Task goal
Give the count of lines that hold the word "White" in this listing, with nothing added.

Records shown
++++++++++++++++++++

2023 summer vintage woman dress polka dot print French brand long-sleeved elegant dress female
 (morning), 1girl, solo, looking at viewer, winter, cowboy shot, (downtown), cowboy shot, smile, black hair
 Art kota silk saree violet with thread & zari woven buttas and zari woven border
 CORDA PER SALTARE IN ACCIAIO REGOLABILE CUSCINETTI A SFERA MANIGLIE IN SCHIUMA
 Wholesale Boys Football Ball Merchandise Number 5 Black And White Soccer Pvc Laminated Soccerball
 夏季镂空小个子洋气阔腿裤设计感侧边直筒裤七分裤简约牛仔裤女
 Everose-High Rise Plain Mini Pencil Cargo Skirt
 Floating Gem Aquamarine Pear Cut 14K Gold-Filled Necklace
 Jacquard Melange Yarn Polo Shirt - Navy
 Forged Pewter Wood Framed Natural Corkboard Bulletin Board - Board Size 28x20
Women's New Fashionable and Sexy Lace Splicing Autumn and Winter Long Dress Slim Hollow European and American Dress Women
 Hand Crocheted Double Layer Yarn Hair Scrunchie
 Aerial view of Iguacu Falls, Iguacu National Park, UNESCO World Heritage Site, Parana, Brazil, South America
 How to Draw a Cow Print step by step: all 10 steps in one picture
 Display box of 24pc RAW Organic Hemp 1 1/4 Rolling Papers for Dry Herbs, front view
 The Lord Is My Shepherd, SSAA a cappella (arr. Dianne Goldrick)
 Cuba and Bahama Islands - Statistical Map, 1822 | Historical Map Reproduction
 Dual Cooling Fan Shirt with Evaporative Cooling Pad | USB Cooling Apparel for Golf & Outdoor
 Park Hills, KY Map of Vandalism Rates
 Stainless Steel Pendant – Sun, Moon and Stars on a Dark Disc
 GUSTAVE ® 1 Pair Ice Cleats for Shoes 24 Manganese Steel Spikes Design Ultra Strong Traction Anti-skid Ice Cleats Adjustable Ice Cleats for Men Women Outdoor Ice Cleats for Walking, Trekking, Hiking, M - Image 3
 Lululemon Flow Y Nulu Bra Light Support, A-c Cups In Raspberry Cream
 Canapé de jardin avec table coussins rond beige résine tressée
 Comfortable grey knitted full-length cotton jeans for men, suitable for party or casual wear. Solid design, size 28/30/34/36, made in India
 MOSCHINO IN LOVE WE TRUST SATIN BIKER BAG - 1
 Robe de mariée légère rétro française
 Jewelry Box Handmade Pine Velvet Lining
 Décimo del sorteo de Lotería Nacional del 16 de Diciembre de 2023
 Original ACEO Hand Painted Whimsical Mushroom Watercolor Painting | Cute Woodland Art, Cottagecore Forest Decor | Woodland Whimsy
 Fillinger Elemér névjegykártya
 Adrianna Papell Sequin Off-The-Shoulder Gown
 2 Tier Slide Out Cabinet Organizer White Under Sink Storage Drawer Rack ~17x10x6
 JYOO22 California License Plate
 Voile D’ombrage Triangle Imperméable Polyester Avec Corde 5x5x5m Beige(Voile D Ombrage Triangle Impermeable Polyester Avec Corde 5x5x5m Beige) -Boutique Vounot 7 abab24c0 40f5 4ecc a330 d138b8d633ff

++++++++++++++++++++

Response
2